Analysez le sujet en répondant aux questions suivantes :
- quand ? Après le départ de Tartuffe et d’Elmire ;
- qui ? Orgon, seul sur scène, dans un monologue adressé au public ;
- quoi ? Il doit parler de ce qu’il a vu et exprimer ses sentiments et de ses doutes. La consigne précise également qu’Orgon doit prendre une décision finale.
Analyse du sujet :
Après le départ de Tartuffe et d’Elmire, Orgon sort de sa cachette et se retrouve seul sur scène. Rédigez son monologue théâtral. Il comprend progressivement ce qu’il vient de se passer sous ses yeux (partie I), __fait part de ses sentiments et de ses doutes à travers ses mots et son attitude (partie II). Enfin, il prend une décision sur sa manière de réagir (partie III).
Ce monologue pourra donc être structuré en trois étapes :
I. Une prise de conscience progressive
II. Des sentiments confus (colère, honte, regret…)
III. Une décision finale
« À travers ses mots et son attitude » implique que vous devez prendre en compte le caractère théâtral du texte que vous écrivez. Pensez à insérer quelques didascalies décrivant la posture, les déplacements, les gestes d’Orgon sur scène…
Proposition de correction
ORGON, seul, les yeux dans le vide, comme hébété.
À quelle diablerie viens-je d’assister ? Je tombe des nues…
Se reprend.
Assurons-nous qu’ils soient bien partis… Il semble que oui… Mon Dieu… Que viens-je d’entendre ? Ai-je bien entendu d’ailleurs, ou ai-je rêvé ? Cet infâme Tartuffe à qui j’ai ouvert les bras, que j’ai accueilli dans ma maison, et que j’ai défendu contre tous les membres de ma maisonnée… Un vil séducteur ? Un hypocrite ? Un imposteur ? Un faux dévot ? Malgré les réticences de ma femme et ses tentatives de le raisonner, quelle insistance diabolique à la détourner du droit chemin ! Dieu merci, je n’ai pas été surpris sous la table… J’aurais pu me trahir, j’aurais pu attirer les soupçons en toussant par exemple mais fort heureusement, j’ai pu assister à la scène jusqu’au bout et découvrir l’ignoble supercherie que ce vil coquin a manigancée pour me soutirer mon argent et séduire ma femme.
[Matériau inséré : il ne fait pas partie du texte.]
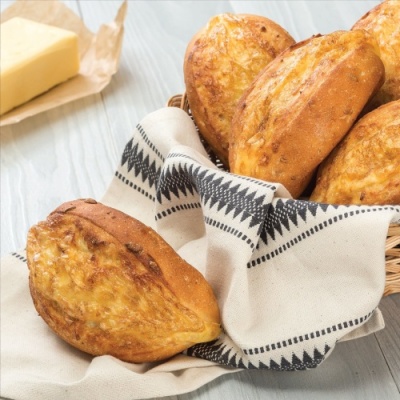 картинка Паста заварная "Инвентис" "Маисовая" (пакет 3х5 кг) от Торговой Компании "Зима"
Ses yeux s’animent soudain. Rouge de colère.
Quelle naïveté ! Quelle crédulité ! Je m’en veux de m’être laissé berner de la sorte !
Il se frappe le visage.
Imbécile que je suis ! J’aurais dû écouter Elmire, qui m’a pourtant souvent montré qu’elle était rusée comme un renard ! Sa perspicacité légendaire aurait dû m’alerter ! Je suis trahi ! Je suis déshonoré ! Comment pourrais-je désormais restaurer ma dignité après cette infâmie !
Silence. Le regard fixe, les poings serrés et se déplaçant de long en large sur la scène.
Eh bien ! Je vais commencer par chasser ce malotru de ma maison, et sans attendre ! Cet infâme imposteur sans foi ni loi va voir de quel bois je me chauffe ! Je laisse le Ciel se charger de sa fausse dévotion et de ses mensonges éhontés ! Il règlera lui-même ses comptes avec Dieu ! Quant à moi, on ne m’y reprendra plus, ma naïveté a des limites…
Il sort.
Les didascalies ont été mises en italique mais vous devez évidemment les mettre entre parenthèses dans votre copie.
Sujet de réflexion
Sujet de réflexion
Pour dénoncer les travers de la société, est-il efficace, pour un artiste, de chercher à faire rire ?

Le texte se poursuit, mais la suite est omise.